### [WHAT IS BEING ASKED]
The lines needed are those from the start of the records through the line holding "3769 Norman Ct S, Fargo, ND 58104", each copied exactly.

### [GIVEN DATA]
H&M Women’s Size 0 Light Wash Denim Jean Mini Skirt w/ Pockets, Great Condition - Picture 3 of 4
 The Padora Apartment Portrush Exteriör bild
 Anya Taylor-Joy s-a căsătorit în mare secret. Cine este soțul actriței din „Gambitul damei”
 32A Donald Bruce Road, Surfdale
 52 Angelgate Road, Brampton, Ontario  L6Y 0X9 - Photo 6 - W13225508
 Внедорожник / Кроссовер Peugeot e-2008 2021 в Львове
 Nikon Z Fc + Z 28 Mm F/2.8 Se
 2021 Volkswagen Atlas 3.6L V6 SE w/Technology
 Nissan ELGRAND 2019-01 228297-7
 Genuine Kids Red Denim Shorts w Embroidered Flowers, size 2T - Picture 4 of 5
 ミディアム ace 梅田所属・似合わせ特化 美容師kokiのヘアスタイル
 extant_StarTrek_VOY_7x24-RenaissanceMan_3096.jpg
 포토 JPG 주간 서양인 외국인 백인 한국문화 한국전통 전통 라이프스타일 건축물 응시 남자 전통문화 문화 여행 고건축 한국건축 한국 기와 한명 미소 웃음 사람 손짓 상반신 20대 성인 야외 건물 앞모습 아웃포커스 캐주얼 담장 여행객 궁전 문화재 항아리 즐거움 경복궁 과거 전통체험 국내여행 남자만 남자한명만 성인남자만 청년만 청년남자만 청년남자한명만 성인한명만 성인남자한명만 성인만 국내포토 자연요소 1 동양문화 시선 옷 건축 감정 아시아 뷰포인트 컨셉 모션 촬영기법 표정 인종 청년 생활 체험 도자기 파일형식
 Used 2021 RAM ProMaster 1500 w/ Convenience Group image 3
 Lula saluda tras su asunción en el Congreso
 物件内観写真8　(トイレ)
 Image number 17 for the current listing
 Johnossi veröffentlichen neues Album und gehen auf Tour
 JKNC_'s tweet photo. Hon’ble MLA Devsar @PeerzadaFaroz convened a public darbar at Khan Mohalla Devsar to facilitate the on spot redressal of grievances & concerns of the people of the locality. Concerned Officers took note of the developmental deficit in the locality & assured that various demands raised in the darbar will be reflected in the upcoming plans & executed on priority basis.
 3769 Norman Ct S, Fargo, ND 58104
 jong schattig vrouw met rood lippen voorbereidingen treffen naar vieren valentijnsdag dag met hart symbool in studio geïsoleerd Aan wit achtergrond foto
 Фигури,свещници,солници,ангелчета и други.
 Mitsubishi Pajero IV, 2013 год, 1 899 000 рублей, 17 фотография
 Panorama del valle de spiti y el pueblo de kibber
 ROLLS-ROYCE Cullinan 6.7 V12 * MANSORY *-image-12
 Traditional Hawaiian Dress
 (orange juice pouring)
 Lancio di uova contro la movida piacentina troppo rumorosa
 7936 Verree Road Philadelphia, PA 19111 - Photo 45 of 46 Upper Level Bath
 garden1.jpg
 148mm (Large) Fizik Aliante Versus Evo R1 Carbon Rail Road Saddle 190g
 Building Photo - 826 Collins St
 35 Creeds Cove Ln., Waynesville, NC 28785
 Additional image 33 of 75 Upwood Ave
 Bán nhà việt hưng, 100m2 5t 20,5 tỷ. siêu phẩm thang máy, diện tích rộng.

### [RESULT OF THIS EXERCISE]
H&M Women’s Size 0 Light Wash Denim Jean Mini Skirt w/ Pockets, Great Condition - Picture 3 of 4
 The Padora Apartment Portrush Exteriör bild
 Anya Taylor-Joy s-a căsătorit în mare secret. Cine este soțul actriței din „Gambitul damei”
 32A Donald Bruce Road, Surfdale
 52 Angelgate Road, Brampton, Ontario  L6Y 0X9 - Photo 6 - W13225508
 Внедорожник / Кроссовер Peugeot e-2008 2021 в Львове
 Nikon Z Fc + Z 28 Mm F/2.8 Se
 2021 Volkswagen Atlas 3.6L V6 SE w/Technology
 Nissan ELGRAND 2019-01 228297-7
 Genuine Kids Red Denim Shorts w Embroidered Flowers, size 2T - Picture 4 of 5
 ミディアム ace 梅田所属・似合わせ特化 美容師kokiのヘアスタイル
 extant_StarTrek_VOY_7x24-RenaissanceMan_3096.jpg
 포토 JPG 주간 서양인 외국인 백인 한국문화 한국전통 전통 라이프스타일 건축물 응시 남자 전통문화 문화 여행 고건축 한국건축 한국 기와 한명 미소 웃음 사람 손짓 상반신 20대 성인 야외 건물 앞모습 아웃포커스 캐주얼 담장 여행객 궁전 문화재 항아리 즐거움 경복궁 과거 전통체험 국내여행 남자만 남자한명만 성인남자만 청년만 청년남자만 청년남자한명만 성인한명만 성인남자한명만 성인만 국내포토 자연요소 1 동양문화 시선 옷 건축 감정 아시아 뷰포인트 컨셉 모션 촬영기법 표정 인종 청년 생활 체험 도자기 파일형식
 Used 2021 RAM ProMaster 1500 w/ Convenience Group image 3
 Lula saluda tras su asunción en el Congreso
 物件内観写真8　(トイレ)
 Image number 17 for the current listing
 Johnossi veröffentlichen neues Album und gehen auf Tour
 JKNC_'s tweet photo. Hon’ble MLA Devsar @PeerzadaFaroz convened a public darbar at Khan Mohalla Devsar to facilitate the on spot redressal of grievances & concerns of the people of the locality. Concerned Officers took note of the developmental deficit in the locality & assured that various demands raised in the darbar will be reflected in the upcoming plans & executed on priority basis.
 3769 Norman Ct S, Fargo, ND 58104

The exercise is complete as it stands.